Положение усугублялось неуклюжими и крайне недальновидными действиями имперской администрации. В Петербурге руководствовались идеей, что в Закавказье с его смешанным населением надежной опорой власти станет религиозно более близкое и понятное христианское, православное население Грузии и Армении. Поэтому в Баку, как и в других районах, армянам предоставлялись разнообразные преференции по сравнению с «татарами». Й. Баберовский в своей книге показал, например, как вроде бы вполне прогрессивное решение распространить на Баку общерусскую реформу городского управления вкупе с поддержкой христиан привело к доминированию в выборных городских органах армян при очень слабом мусульманском представительстве[527]. Мусульмане чувствовали себя ущемленными, при этом парадокс ситуации заключался в том, что мусульмане были консервативны и недоступны для революционной пропаганды, безусловно привержены монархии, тогда как в Закавказье активно действовала националистическая армянская партия «Дашнакцутюн», имевшая вооруженные отряды боевиков и настроенная на революционный террор[528]. Действия дашнаков провоцировали ответную реакцию.
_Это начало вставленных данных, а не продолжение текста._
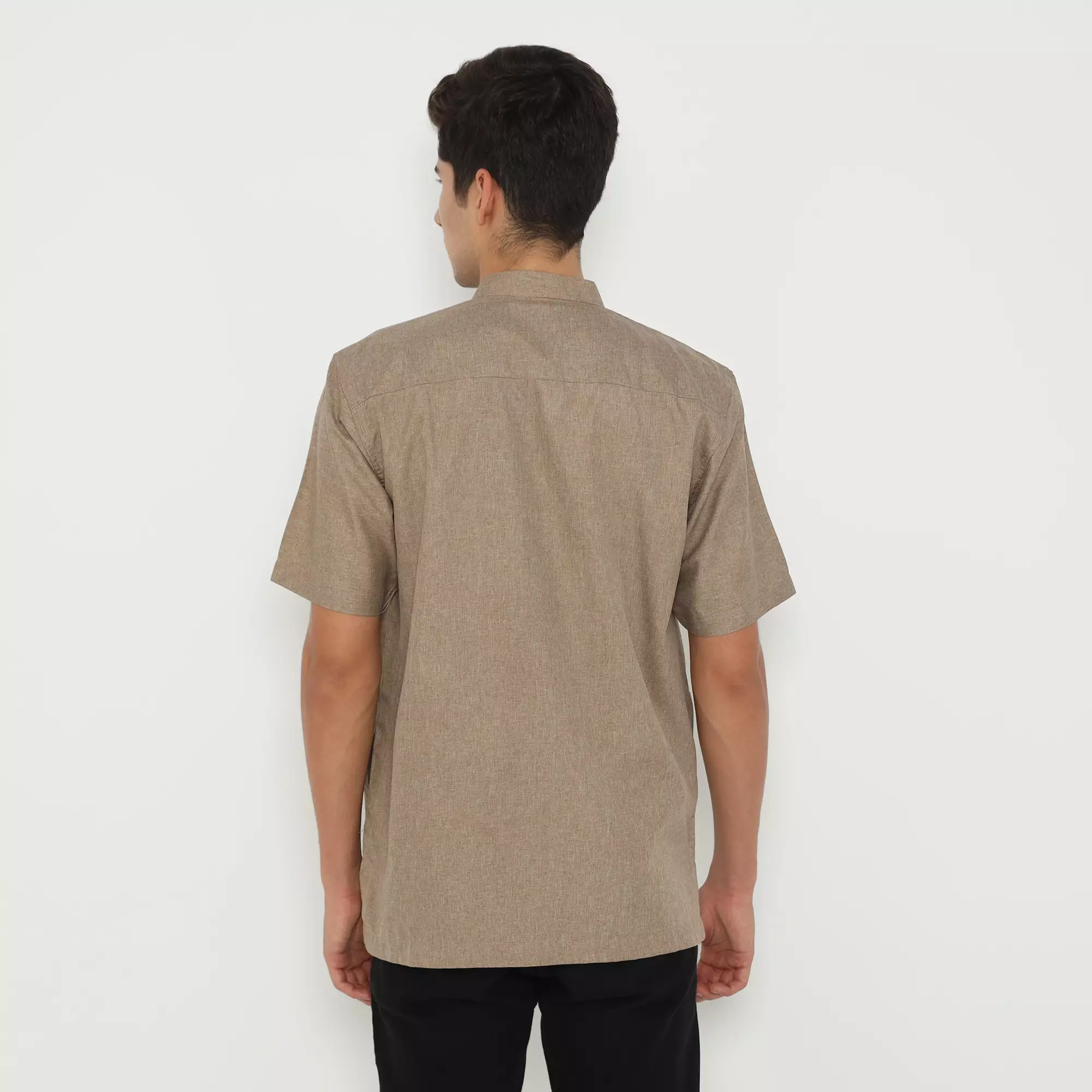 Platini Kemeja Pria Koko Shanghai Lengan Pendek Katun Brown 931349.39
Но подспудное нарастание межнациональных противоречий до поры до времени не слишком заботило имперскую администрацию: в Баку у нее было столько гораздо более очевидных и неотложных проблем, что ей было не только не до недовольных мусульман, но даже и не до революционеров-нелегалов. Дело в том, что разросшиеся промыслы с тысячами рабочих сделали Баку практически неуправляемым, а все имевшиеся на тот момент навыки администрирования и поддержания порядка оказывались неадекватными обстановке. Об этом с очевидностью свидетельствуют донесения жандармов и полицейских, равно как и воспоминания деятелей революционного движения. Массы пришлых рабочих, постоянно сменявших друг друга, большинство которых к тому же не говорили по-русски и не имели никаких документов, совершенно не поддавались полицейскому учету.

Действовавший по всей империи институт прописки оказывался практически неосуществимым, вернее, был способен охватить только те слои населения, более или менее грамотного, постоянно проживающего, владеющего в городе недвижимостью, наконец, имеющего документы, которое и так было законопослушным и не создавало проблемы. Что делать с остальными, то есть с основной массой промысловых рабочих, как их контролировать и поддерживать элементарный общественный порядок, полиция не знала. В то же время и старые городские кварталы с их узкими извилистыми улочками и традиционным укладом были именно в силу этого уклада непроницаемы для властей.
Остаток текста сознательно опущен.